Neat-o, let's play with it, OK - NEXT! The mantra of the insatiable web surfer shines through yet again, and I'm sure the site creators knew beer, sand and college kids only go so far. Don't think I'm attacking the site creators, either, because I'm positive they geared the site in exactly that manner. Besides, if they managed to hang out in Daytona Beach and become a part of the madness on People's checkbook, more power to them. If running around with video equipment in Daytona on someone else's bill is how you fill the market niche, so be it.
What disturbs me is the fact that this niche even exists. I know the 'net needs to generate profit as investors start questioning the web's profit-generating abilities, but what the heck is this site other than an electrified archive of college kids doing silly things? It's not a money maker, that's for sure.
It's a demographic magnet, that's what. As People Online spokesperson Marianne Goldstein explained, the site's main purpose is to increase overall People site traffic through an appeal to the younger crowd.
As part of Time Warner's Pathfinder I can't imagine they're exactly struggling for hits, but then again who ISN'T making an appeal to the younger crowd on the 'Net these days?
The same explanation lies behind all of these threads, and it's the same reason Id Games' Quake and the Bud-Ice screen saver have been on shareware.com's "Most popular download" list for something like 40 straight weeks. The average web surfer is pictured to be a twentysomething male because to date they are the most active portion of the web's wanderers.

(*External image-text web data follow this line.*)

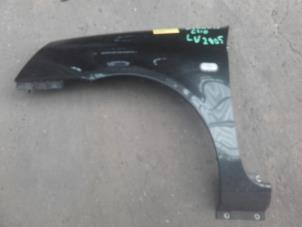 Used Front wing, left Renault Clio II (BB/CB) 1.6 16V Price on request offered by Akkie Stomphorst Autodemontage
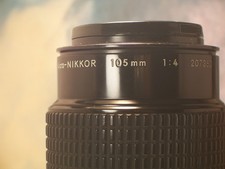 Nikon AF Micro-Nikkor 105mm F/4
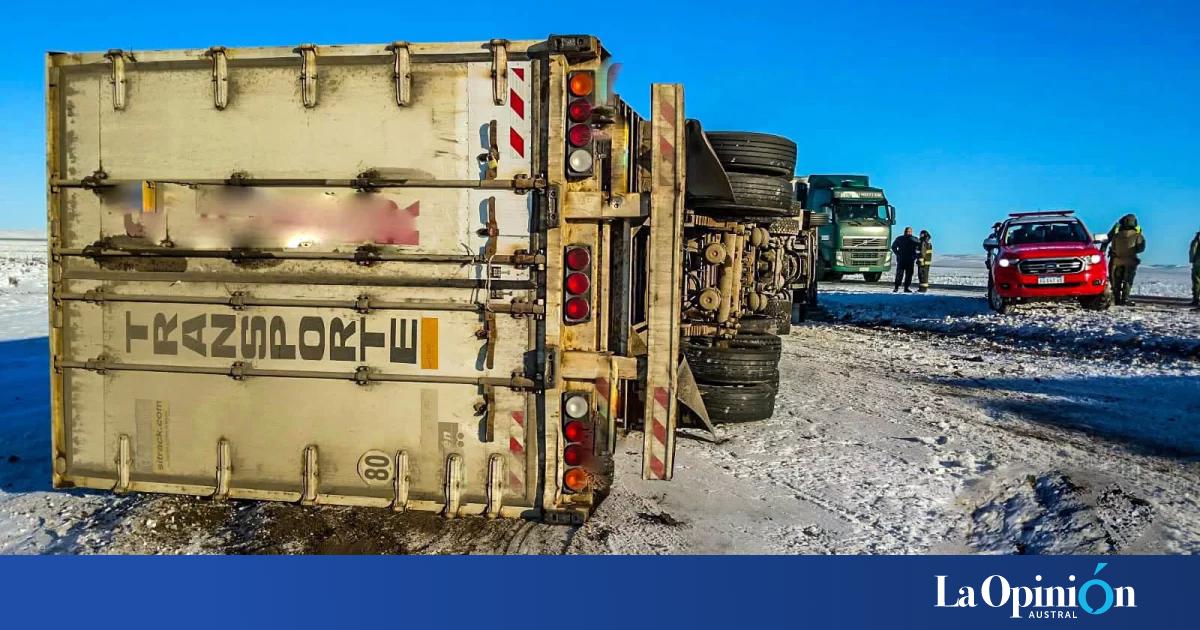 Vuelco de un camión en Santa Cruz: el conductor resultó herido tras un accidente provocado por la nieve y la escarcha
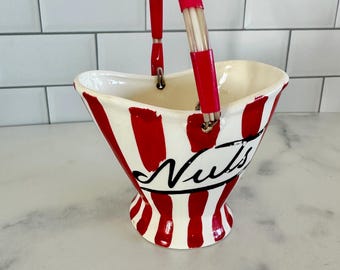 1950年代のヴィンテージ、ハンドル付きダバーナッツコンテナ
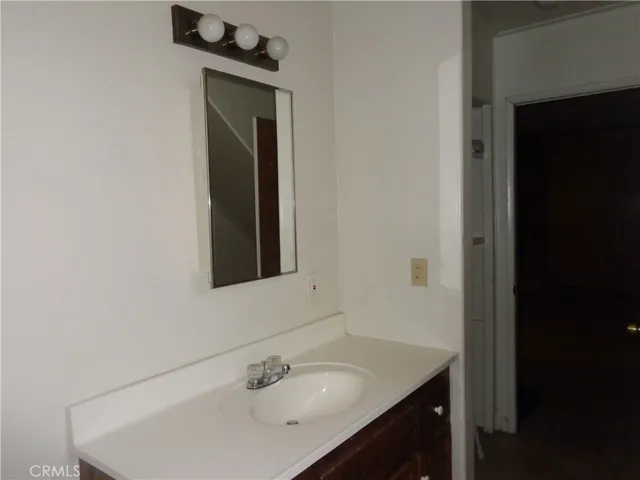 Bathroom sink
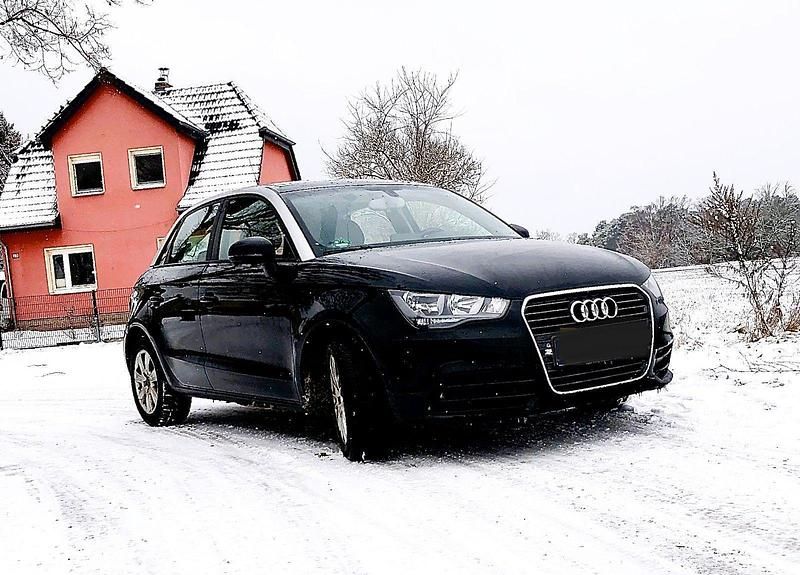 Gebraucht Audi A1 Attraction 86 PS (63 kW) 2012 Schwarz Kleinwagen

In a marketing twist that defies the old stereotype about men who are interested in computers, everyone has shown that a certain amount of hormonally-driven hits are guaranteed to a site by including the words 'bikini' and 'beer' somewhere on the front page. Right now, yes, hit-generating sites like the People Spring Break site serve a purpose. Five years from now, though, nobody is going to get away with a spinoff site like that, because the demographics are changing. Clinton is wiring the schools, WebTv has taken off, and the twentysomething male web-dominance paradigm is going to fly out the window.
As much as I hate to give them credit, those black-and-white MCI ads touting the equality of race and sex on the Internet hold a certain amount of truth. It's going to take time, but I'm willing to bet men lose their grip as the force behind Web direction long before any gender progress is made within national politics or corporate pay scales. That might look like an easy, cop-out statement to make, but wait five years and get back to me.
All in all, the day when hits are no longer guaranteed by including a few key words and pictures into a site are approaching. Slowly and stubbornly, but approaching nonetheless, and we can only hope that this changes or eliminates the state of web commercialization we're stuck with today.